Da questa tanto eccelsa e salutare promessa di Dio stesso chi non sarà fortemente sospinto ad elargire il suo danaro, secondo le sue capacità, per un'opera di Dio, in modo che sia "testimonianza al cospetto di Dio e sia propizio all'anima sua?
Certo quel santissimo condottiero del popolo d'Israele accolse nell'animo una grande gioia quando udì gli addetti ai lavori annunciare che "il popolo aveva offerto più di quanto fosse necessario" e fu costretto a respingere il popolo che ancora portava doni "poiché le offerte erano già sufficienti, anzi sovrabbondavano".

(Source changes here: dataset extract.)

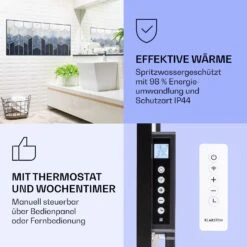 Wonderwall Air Art Smart Infrarotheizung Blaue Linie 120x60cm 700W -Küchengeräte 10037909 de 0004 logo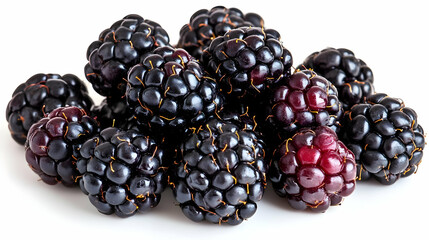 Closeup of Blackberries, a Realistic Photo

E così il Dio misericordioso voglia consentire al desiderio che con pii e copiosi doni e con le oblazioni dei fedeli, Noi si possa riparare e completare in ogni sua parte quella celeberrima costruzione.

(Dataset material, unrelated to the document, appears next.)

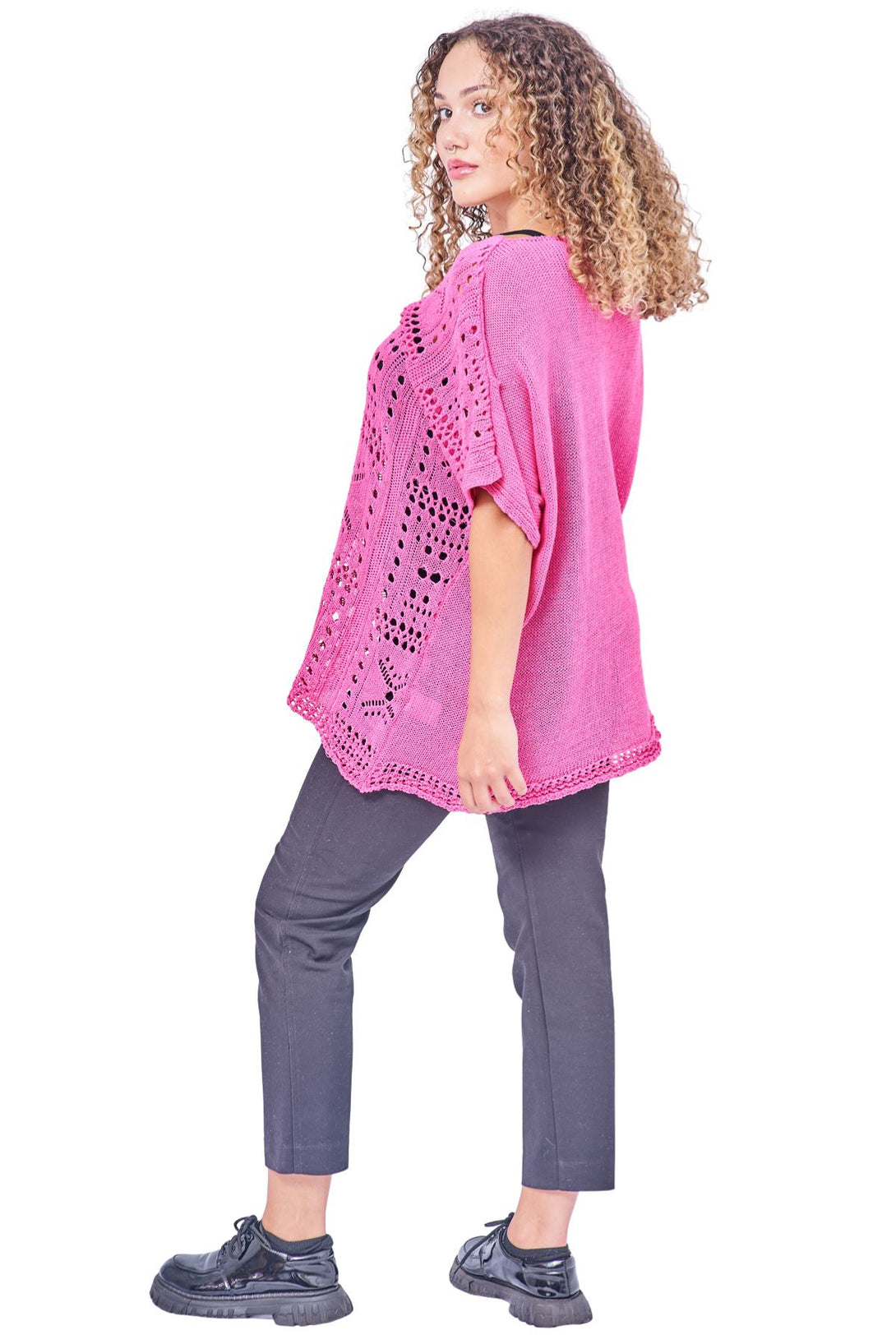 boho crochet cotton tunic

Quanta gratitudine avrà lo stesso Apostolo Paolo per coloro che cercarono di sottrarre all'abbandono, di restituire all'antica maestà e di restaurare con l'arte più splendida quell'insigne basilica dedicata in suo onore e demolita da deplorevole disgrazia!

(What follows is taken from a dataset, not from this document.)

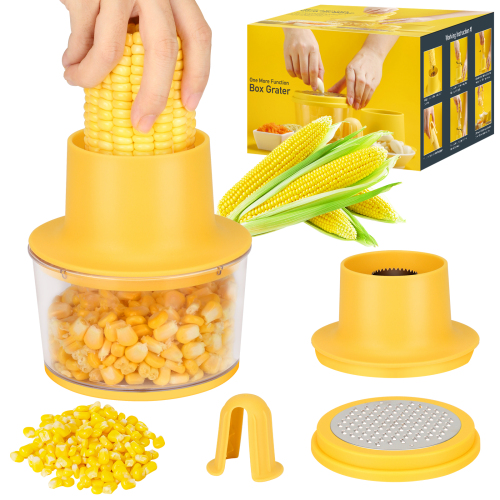 TACGEA Corn Stripper, Corn Peeler, Corn Kernels Remover & Cutter, Cob Stripping Tool and Ginger Grater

Pertanto Noi, Venerabili Fratelli, confidiamo pienamente nel Signore, prodigo di misericordia, che tutti i fedeli di Cristo di ogni ordine e condizione, a gloria di Dio e in onore dell'Apostolo Paolo, al massimo grado sospinti dalle vostre esortazioni e più alacremente dediti alla costruzione di un'opera così imponente, in gran parte già condotta innanzi, raccoglieranno tanto copia di oro e di argento che le offerte potranno bastare per condurre a termine quella nobilissima costruzione.
Pertanto sarà compito, Venerabili Fratelli, raccogliere il danaro offerto dai fedeli e mandarlo a Noi, e con ogni impegno e sforzo ornare il santissimo sepolcro dell'Apostolo Paolo sempre celebrato con somma venerazione da tutto il mondo cattolico e dall'affollato concorso di tutti i cristiani, in modo che, sempre più sorretti dal patrocinio apostolico, possiate reggere e proteggere le pecore di Cristo a voi affidate in questi tempi sciagurati, tenerle lontane dai pascoli avvelenati e condurli a quelli salutari.
Forti di questa speranza, invocando ogni più fausto e lieto dono del Padre delle misericordie e Dio di ogni consolazione, con animo amoroso impartiamo a voi e al gregge affidato alle vostre cure l'Apostolica Benedizione.
Dato a Roma, presso San Pietro, il 21 dicembre 1840, nel decimo anno del Nostro Pontificato.